Dare to Dream Infinitely is a place where creative, and imaginative people come to seek
inspiration and to inspire others. This is also a place to grow your awareness and challenge yourself to think beyond simplicity. We are all nerds
here, so don’t be afraid to let it show!!
Set up:
For a few months at a time I will focus on one of the books in the Harry Potter series and it will serve as inspiration for many things I will be
posting about. I will also post things such as fashion look books, vlogs, tips,
recipes, crafts, and more! I will also talk about other books I enjoy and from time to time I may stray from the specific book I'm currently focusing on. Basically this is a Harry Potter/ Lifestyle blog where the main focus is creativity and getting inspired.
How to get
involved:
I will have a comment
section underneath each of the prompts where you are free (and encouraged) to
write your own responses to the prompts. I would like you all to remember,
however, that this is a place of creativity. It is not a forum in which to
criticize others or to be rude. The way to progress in writing is to continue
to write and read and be inspired by someone else's writing.

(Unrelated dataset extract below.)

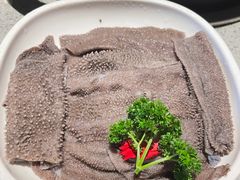 -园里火锅(仁和新城店)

Why I began the blog and a little about me:
College- the place where classes, homework, and late
night cram sessions stamp out that once bright flame that was your creativity
This became the sad, but
true, definition of college for me. I was so overwhelmed with the task of
finding a balance between sleep, school, food, and friends, that my love of
reading and writing got pushed to the side. I told myself that I simply “had
more important things to worry about than that fun stuff.” After a very short
while I realized that, in order to maintain my sanity, I needed to make time for (what I so
narrow-mindedly deemed) “fun stuff”. The first step I took in actually making
that change was to find the benefits that reading and writing creatively would
bring to me and to my education.
I have always believed
that young adult novels, works of fantasy, and all other creative works had a
real and under recognized value to both the everyday reader and the scholarly
reader. The first reason is that the term literature, as scholars define it, can
be applied to nearly any work. Their definition claims that a piece of
literature is one that requires the reader the think at a higher level than the
average reader. It is a give and take between what is written and who is
reading it. By this definition, if you read the text and look for more than
just the story, that text has become literature to you whether or not the
general public and scholars have titled it as such. The second reason
that creative works are so important is that they work as a kind of every-man’s
textbook. They teach about the issues in the world, diversity, the value of
independent thought. They address compassion and empathy, love and hate, the
power one has to both create and destroy. They can also teach us about major,
hot topic, ideas such as free love and equality and the struggles and freedoms
that come with them. Lastly, books, no matter their literary status, change us
and help us grow as people. You may read a book and find that you agreed with
and understood the ideas presented in it. You may not have been taught
something new, but you were given a sturdier structure on which your ideas and
values can stand. This idea also works when you haven’t heard of or even agree
with anything the book talks about. A book like this gives you a chance to ask
yourself why it is you don’t agree and what about that person’s/society’s views
differ so greatly from your own.
The reason I found to get
back to writing is something I heard while roaming YouTube recently. The reason
is simple and so profound that it required only one sentence to make me
understand. A life in which you don’t create is not a life worth living. And
that is so true! A life that is well lived is one, that once over, has
something to show for it. At the end of my life, those who loved me should not
be able to look back at my educational life and say, “She was so brilliant! She
wrote all those essays that hundreds of other students wrote! She had no ideas
or thoughts of her own. Wow, what a wonderfully average life she lived!” I want
them to say something like “She was always creating, that girl was. She had an
imagination and a curiosity that never died, no matter how old she got. She had
eyes that saw a world in a way that other’s eyes would not.” This second person
is the person I want to be remembered as at the end of my life, not the first.